The final novel in Robert A. Frezza's Suid-Afrika trilogy, Cain's Land is an odd combination of combat SF and first contact novel, flavored with the melancholy that pervades its prequel, Fire In A Faraway Place. Eight years after Suid-Afrika has gained its independence from Imperial Japan, an Imperial Commissioner comes looking for the supposedly dead Anton Vereshchagin. Intelligent aliens have been found, and Commissioner Mutaro believes the retired colonel to be the best man to lead the expedition to contact those aliens, who appear to have a technology level comparable to Earth in the 1960s: nuclear weapons and missiles that can reach orbit.
So it is that Vereshchagin leads an expeditionary company of his old 1/35 Rifle Regiment, augmented by a motley crew of scientists, off to contact the aliens - but first, he has to serve as the eminence grise behind his former XO's daughter's inaugural political campaign, the failure of which may well abort the alien contact mission before it can get off the ground.

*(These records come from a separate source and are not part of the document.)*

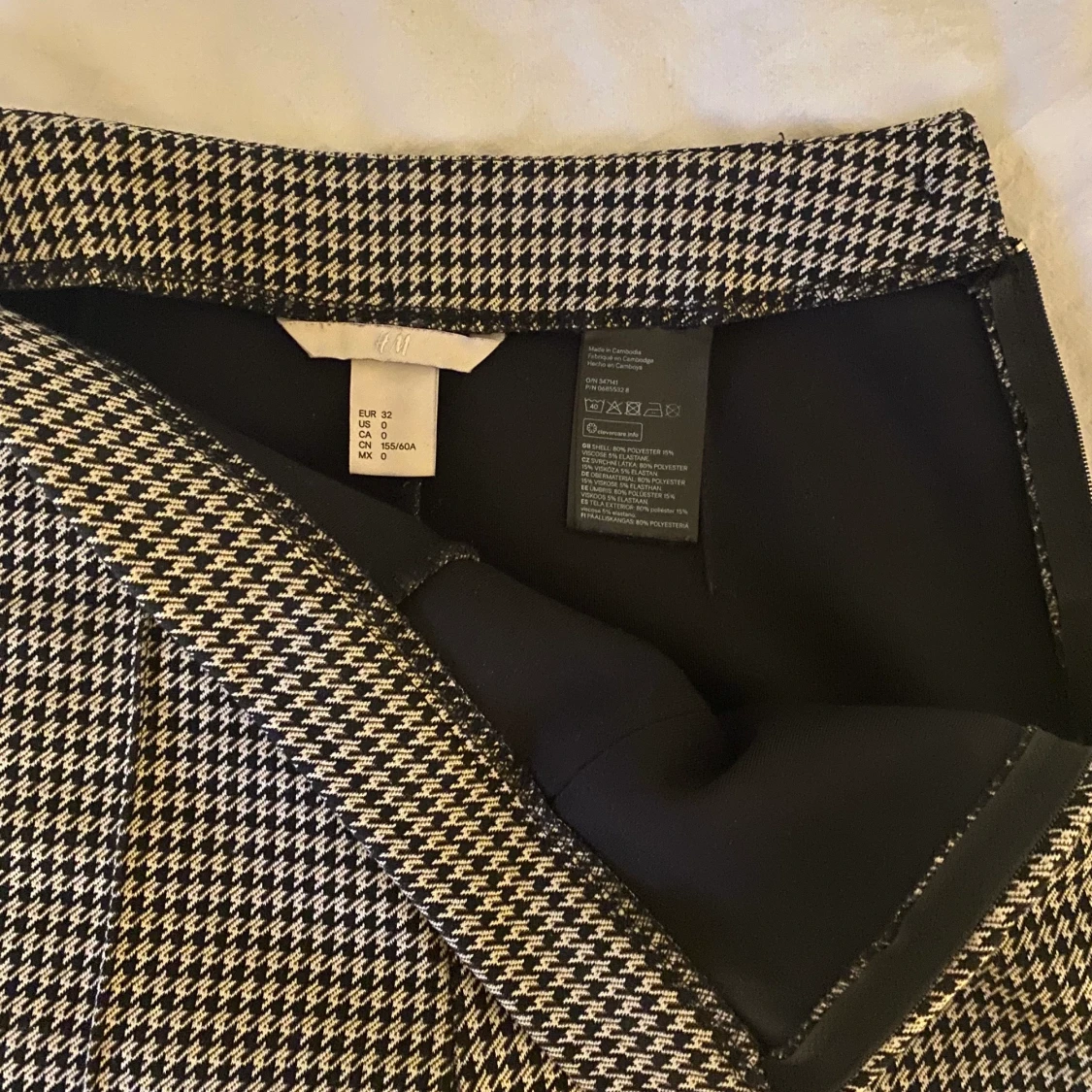 Fina byxor i hundtandsmönster 🖤🤍 - 91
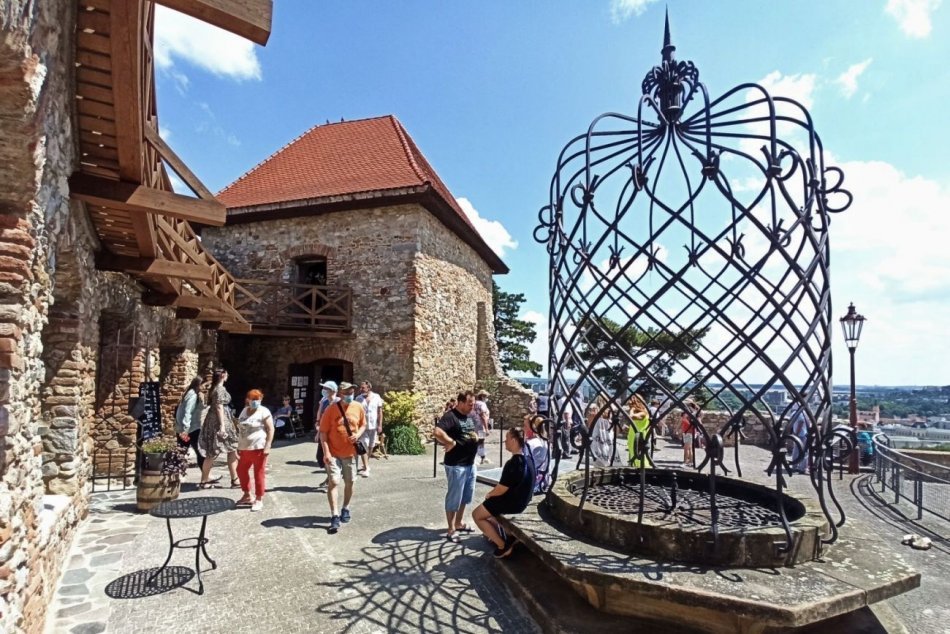 Ilustračný obrázok k článku Chcete si privyrobiť cez leto? Vazulka na Nitrianskom hrade hľadá brigádnikov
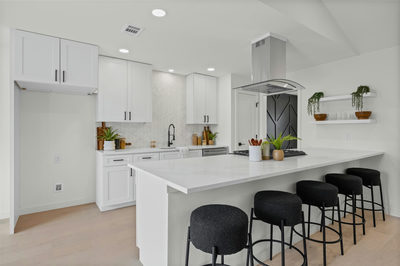7901 Woodcroft Dr — photo 3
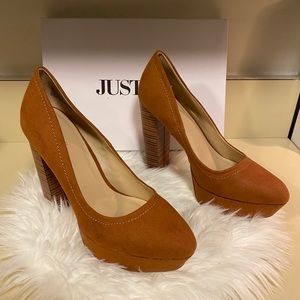 JUST FAB Brown suede platform shoes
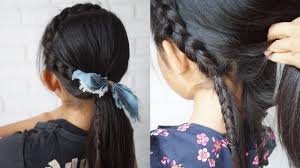 崩れない三つ編みポニーテール玉ねぎヘアの作り方スプレー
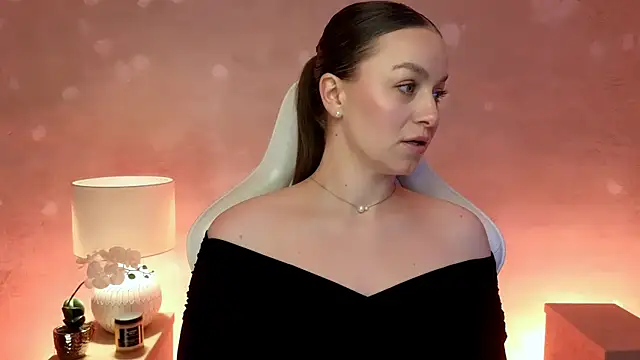 Snapshot of MilaFleur chatting on 02.15.26 MilaFleur online show from 02.15.26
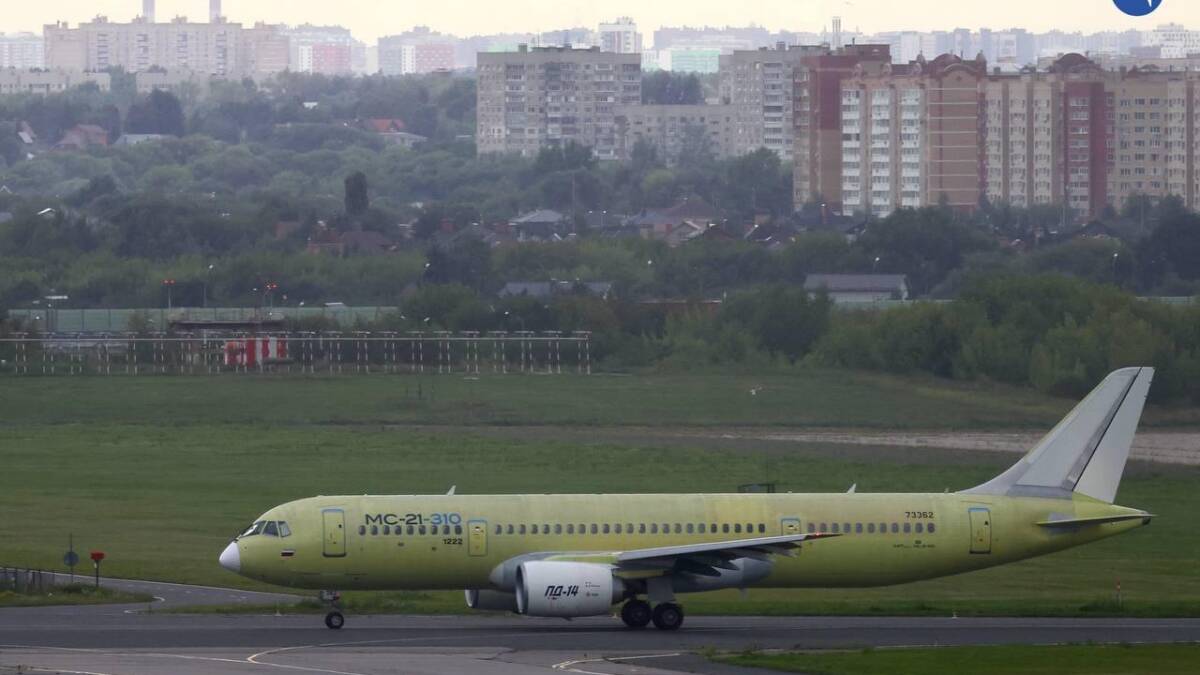 Самолет МС-21-310 на взлётной полосе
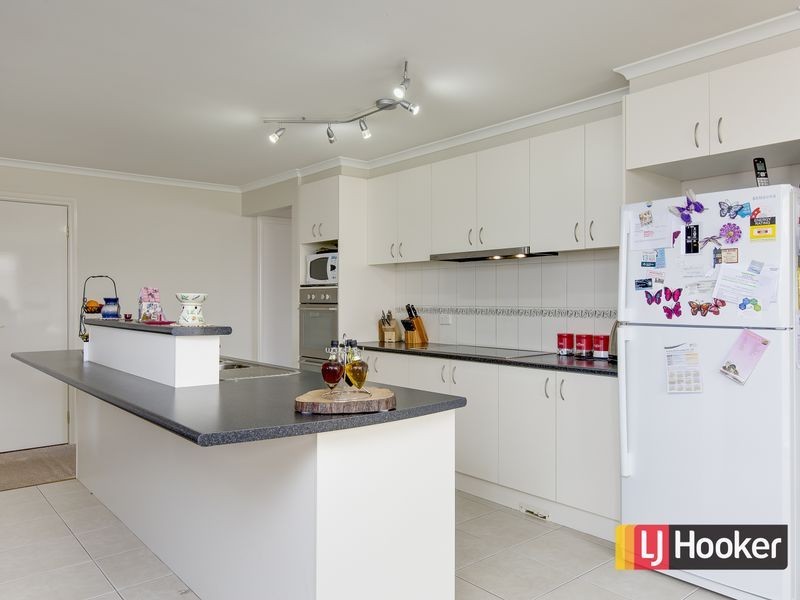 20 Heather Grove, Inverloch VIC 3996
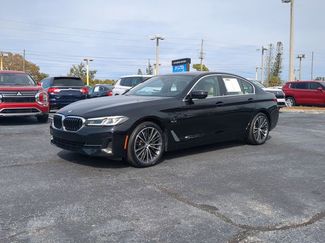 Used 2023 BMW 530e xDrive video 2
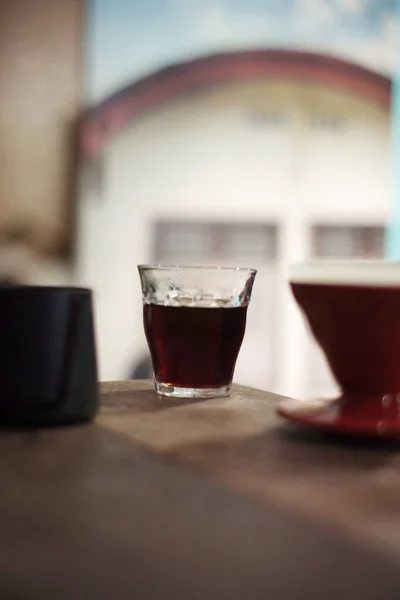 V60技術によるコーヒー飲料製造法ではコーヒーを特殊な紙で濾過してパルプなしでコーヒーを製造します — ストック写真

Frezza is just as good at describing retail small-town politics as he is at describing space and ground combat, and his account of Hendricka Sanmartin-Bruwer's run for the Assembly is hilarious when it isn't sinister.
Conflicts break out even before the contact party lands; some of the Japanese on the expedition are unpleasantly surprised to find that the leader of the expedition is Vereshchagin, who was presumed dead, and intend to remedy this state of affairs. Spousal abuse crops up as a problem among the scientists. Then the expedition arrives at the alien world, and things get really interesting. To be honest, I don't like Cain's Land as much as the first two novels, but it's a good read and worth your time.